May 27, 1988|RICK VANDERKNYFF | Times Staff Writer

It was an odd scene: Nine young girls sat cross-legged on a classroom floor, practicing first-aid and CPR on their well-worn Cabbage Patch Kids and other dolls. One girl in blond ponytails tried hard not to laugh while giving mouth-to-mouth resuscitation to a stuffed teddy bear.

These girls will soon be putting their dolls away for good, turning their attention instead to caring for real kids. They spent a recent Saturday at St. Joseph Hospital in Orange to learn the finer points of baby-sitting as part of a two-day course designed by the American Red Cross.

In addition to first-aid skills, the course covers everything from child development--what to expect from a 2-year-old, for instance, and how to keep him or her occupied--to preparing snacks. Identifying household hazards, handling emergencies, supervising play and even deciding how much to charge are all part of the curriculum.

"We cover all the bases," said Linda Cassidy, who was teaching the class at St. Joseph along with Lisa Hudson. "They learn quite a bit."

The rising number of families with two working parents is increasing the demand for baby-sitters, Cassidy said, and many of those parents want sitters with at least some training in child care.

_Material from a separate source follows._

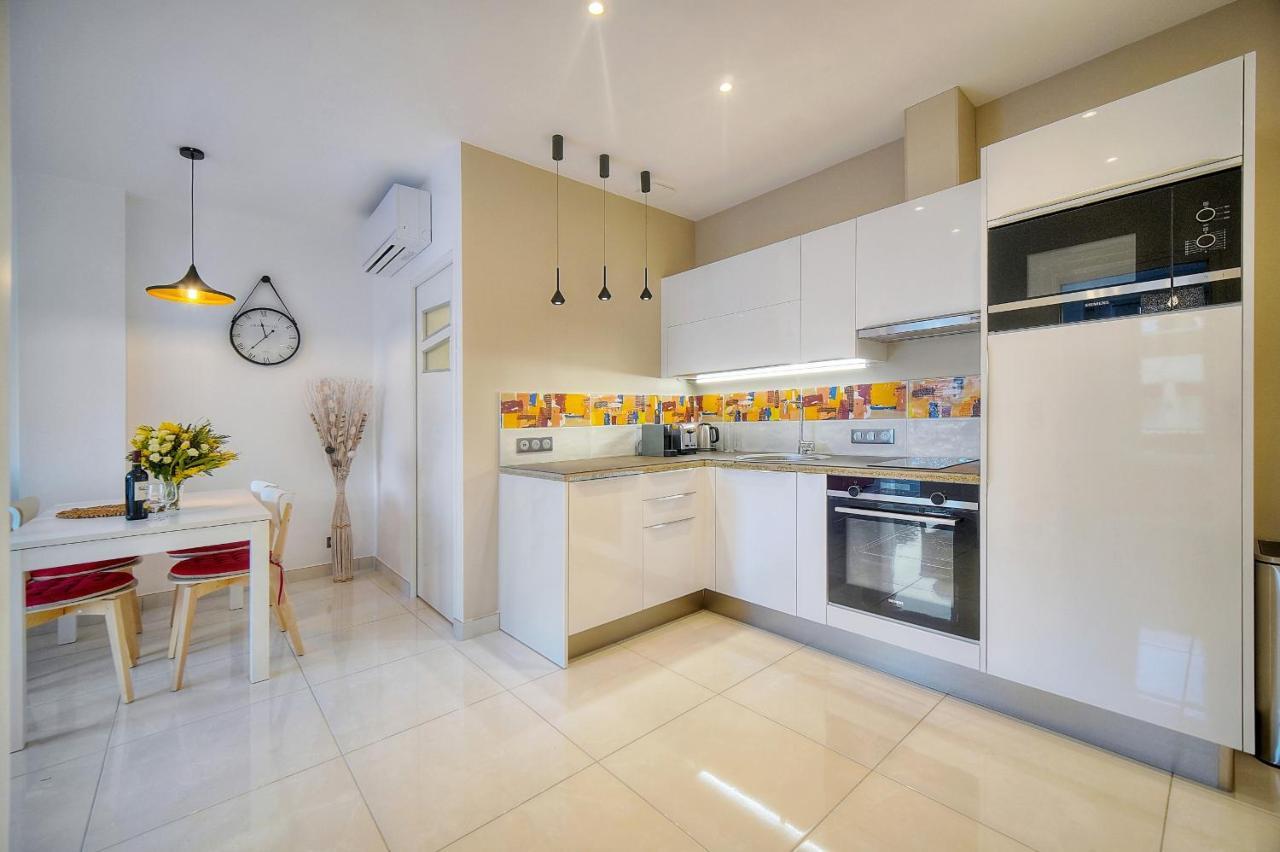Apartamento 2 Pieces Moderne 8 Mn Du Palais A1b238 *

Students who complete the 10-hour Red Cross course and pass the written and skills tests are given a certificate that they can show prospective employers.

Occasionally, Cassidy said, parents will even pay for their sitters to attend the classes. And often, the students take the course so they can properly care for their own younger siblings. Cassidy even recalls one woman in her 60s who took the class as a refresher because she was going to be taking care of a grandchild.

Most students, though, are the archetypal baby-sitters--girls about 12 years old (11 is the minimum age for the class). Cassidy, who has been teaching the course at St. Joseph for more than a year, has had only one boy as a student. Many of the students have had at least some baby-sitting experience, she added.

Student Jessica Liberman, an 11-year-old from Costa Mesa, has taken care of a young cousin and the child of a family friend, but with summer approaching she is looking forward to making some pocket money by expanding her client list. The going rate for baby-sitters these days is $2 to $2.50 an hour.

"There are a lot of babies in our neighborhood," Jessica said. The thing she liked best about the baby-sitting class was that it taught her how to cope with emergencies. "I would freak out if I didn't know the things they were teaching us," and an emergency arose, she said.

Kim Smith, a 12-year-old from Orange, is an experienced sitter but took the class to polish her skills in dealing with potential emergencies--"in case something happens, I'll know what to do."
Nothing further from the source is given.